**How to complete this task**
The listing below should be printed exactly, every line of it. Skip the pictures.
-- Exercise material follows --
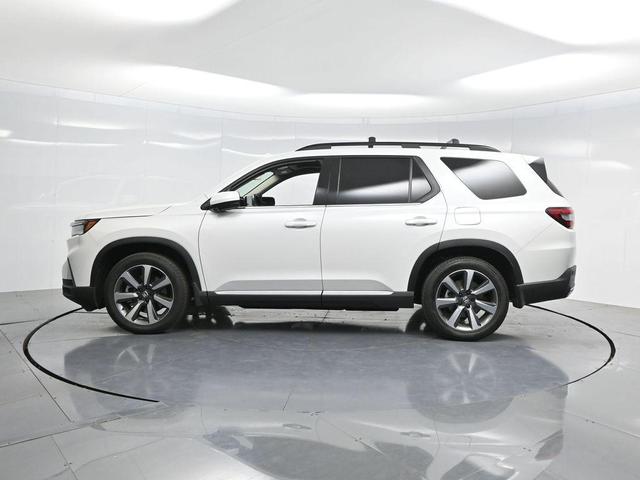 Photo of 2024 Platinum White Pearl Honda Pilot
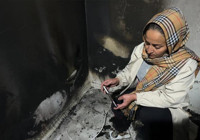 Şarja takılı olan telefon patladı: Çığlık seslerine uyandı! | Aile ölümden döndü: 'Evime giremiyorum, ağır bir koku var'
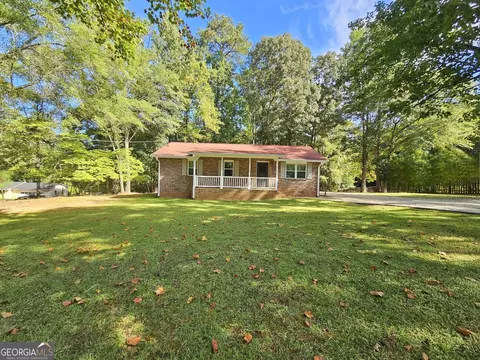 2408 Happy Valley Cir, Newnan, GA 30263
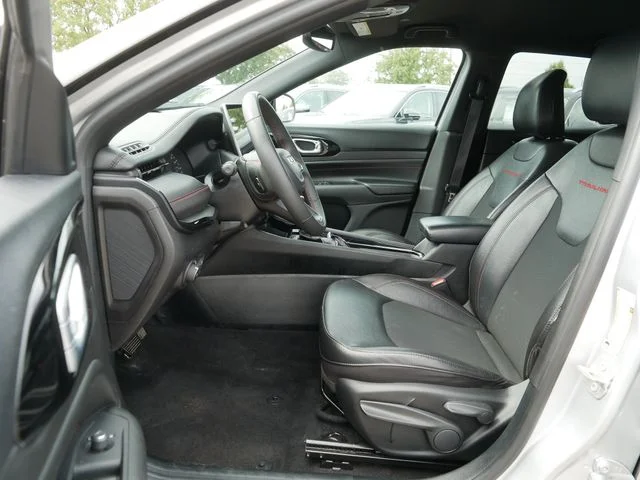 Used 2024 Silver Jeep Trailhawk image 13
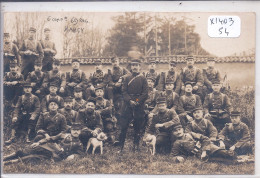 NANCY- CARTE-PHOTO- LES OFFICIERS ET SOLDATS DU 69 EME REGIMENT D INFANTERIE- PRESENCE DE JEUNES CHIENS - Nancy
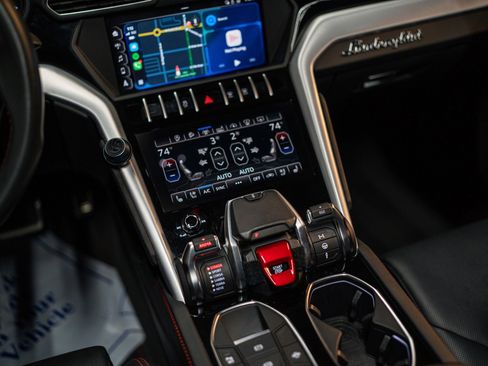 Used 2019 Lamborghini Urus image 11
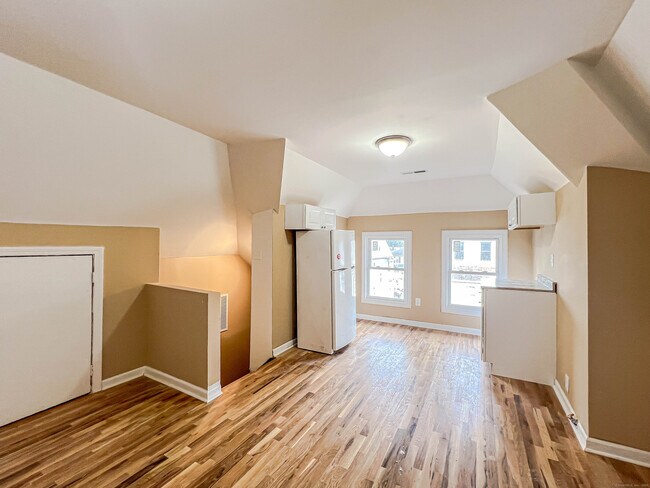 Building Photo - 63 Eaton St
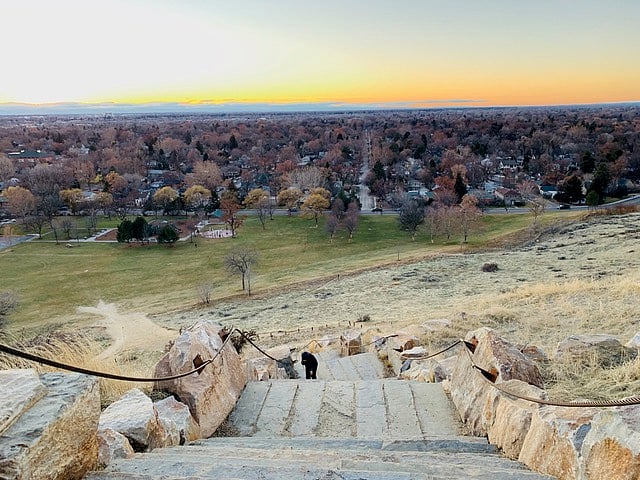 ওপরে ওঠার পথ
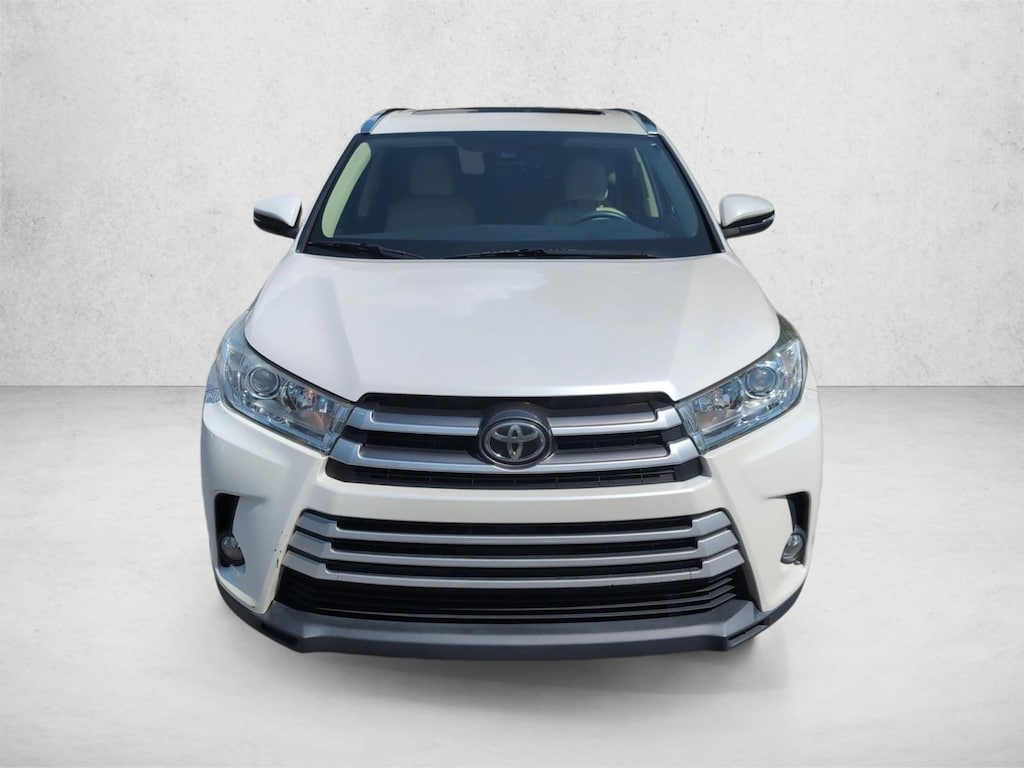 Used 2019 Toyota Highlander XLE Sport Utility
-- Exercise material concluded --
**Solution to this problem**
 Photo of 2024 Platinum White Pearl Honda Pilot
 Şarja takılı olan telefon patladı: Çığlık seslerine uyandı! | Aile ölümden döndü: 'Evime giremiyorum, ağır bir koku var'
 2408 Happy Valley Cir, Newnan, GA 30263
 Used 2024 Silver Jeep Trailhawk image 13
 NANCY- CARTE-PHOTO- LES OFFICIERS ET SOLDATS DU 69 EME REGIMENT D INFANTERIE- PRESENCE DE JEUNES CHIENS - Nancy
 Used 2019 Lamborghini Urus image 11
 Building Photo - 63 Eaton St
 ওপরে ওঠার পথ
 Used 2019 Toyota Highlander XLE Sport Utility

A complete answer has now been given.